The second method, avoiding wrong things, is the road less travelled. This merely requires an investor to avoid disasters in order to earn above average long-term returns. For an equity investor, the only disaster is permanent loss of capital. Permanent loss of capital can occur due to one of three reasons: (a) the company has a weak or deteriorating business, (b) the management is inept or dishonest, and (c) paying too much. Temporary loss of capital is an inherent feature of the markets and happens to all stocks irrespective of quality, and is unimportant. The focus of this framework is to lose less money rather than maximize returns.
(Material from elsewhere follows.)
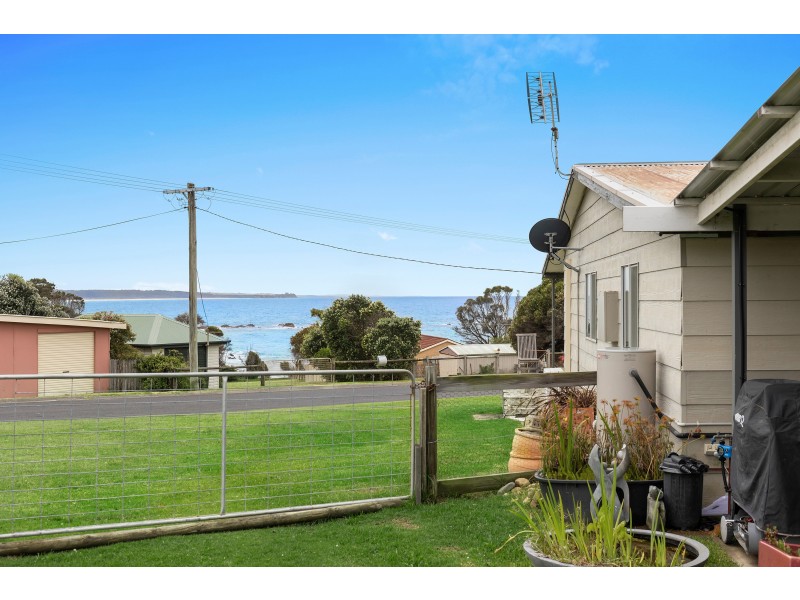 1-3 Jocelyn Street, Dalmeny NSW 2546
The Beginnings: The IPO Boom of 1993-1995
Source: CFA Society India
The IPO boom in India came shortly after the cessation of the office of the Controller of Capital Issues, allowing issuers of securities to raise capital from the market without requiring the consent of any authority. This resulted in a significant influx of new offerings through IPOs, with many debuting at or above par value. Consequently, it attracted more investors as providers of capital and prompted a rise in low-quality businesses opting for IPOs as recipients of capital. As the IPO bubble burst and a large number of such IPOs eventually lost investor capital, it became clear that outperformance is not as easy as it seems, and Mr. Sundaram’s team spent the better part of two years cleaning the portfolio after deciding on a quality-focused approach.
Entry Valuations Matter
a) The Tech Boom
During the tech boom of 2000, ‘tech’ stocks became extremely popular as the benefits of computerization in the Western world were reaped by Indian IT players, particularly due to Y2K. This led to extremely high P/E valuations when compared to their historical means. This implied that the major chunk of wealth creation occurred due to re-rating rather than earnings growth, clearly indicating excessive valuations. Over the next 5 years, these stocks significantly eroded investor wealth on both an absolute and relative basis. Even though the businesses of quality companies such as Infosys grew at a high CAGR of nearly 36% between 2000 and 2006, there is no antidote for unreasonably high valuations.
Source: CFA Society India
The excess in valuation was not widespread across the industry, and ‘old economy’ stocks were spared from market excesses. As a result, various high-quality businesses such as Nestle India, ITC, and Asian Paints were available at decent valuations. Even if an investor purchased shares of these companies at the height of the tech boom, he would have made spectacular returns till the end of the next bull market.
Source: CFA Society India
b) The Infrastructure Boom
The infrastructure and real estate boom of 2007 had the same story as the tech boom of 2000; only the names of the companies and the theme were different, the plot of excessive valuation remained the same. Companies that were shunned in the previous boom came to the forefront and began commanding extremely high valuations. However, these valuations were unsustainable and investors lost money over the next 5 years.
Source: CFA Society India
Similar to the tech boom, companies that were shunned in this bull market were available at low valuations even at the peak of the Bull Run. For example, Hindustan Unilever and Procter & Gamble were shunned by the investing community due to a lack of returns since 1999. As a result, these companies faced a strong derating in valuations which made them attractively priced. Even if an investor purchased shares of these companies at the height of the infrastructure boom, he would have made spectacular returns over the next 10 years, including the bear market that followed the Bull Run.
Source: CFA Society India
History may not repeat itself, but it often rhymes.